ASSIGNMENT: In the material below, the required lines run from the one containing "Suzuki Swift 1.2" through the one containing "Clarksville, TN 37043". Copy those lines exactly, ends included, and nothing else.

THE RECORDS:
###
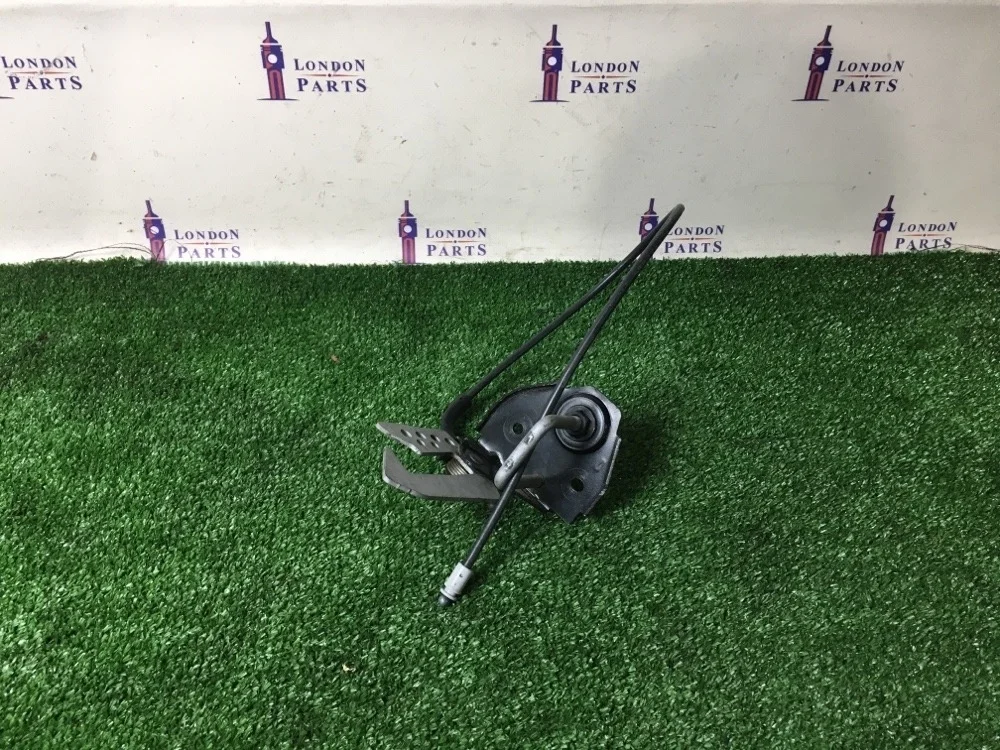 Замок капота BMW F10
###
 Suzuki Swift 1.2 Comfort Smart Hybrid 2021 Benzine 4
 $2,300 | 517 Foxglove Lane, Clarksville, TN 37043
###
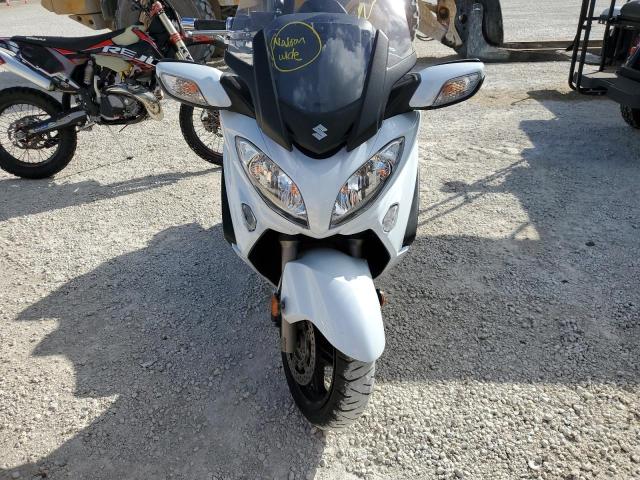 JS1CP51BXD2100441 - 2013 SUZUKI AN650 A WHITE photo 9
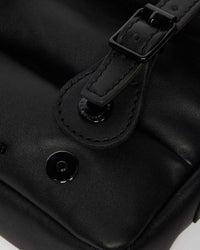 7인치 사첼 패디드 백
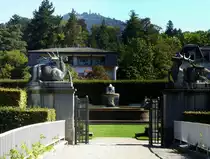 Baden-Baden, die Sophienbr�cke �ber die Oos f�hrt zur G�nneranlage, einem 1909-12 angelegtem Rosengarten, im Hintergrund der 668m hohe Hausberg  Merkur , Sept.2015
###
RESULT OF THIS EXERCISE:
 Suzuki Swift 1.2 Comfort Smart Hybrid 2021 Benzine 4
 $2,300 | 517 Foxglove Lane, Clarksville, TN 37043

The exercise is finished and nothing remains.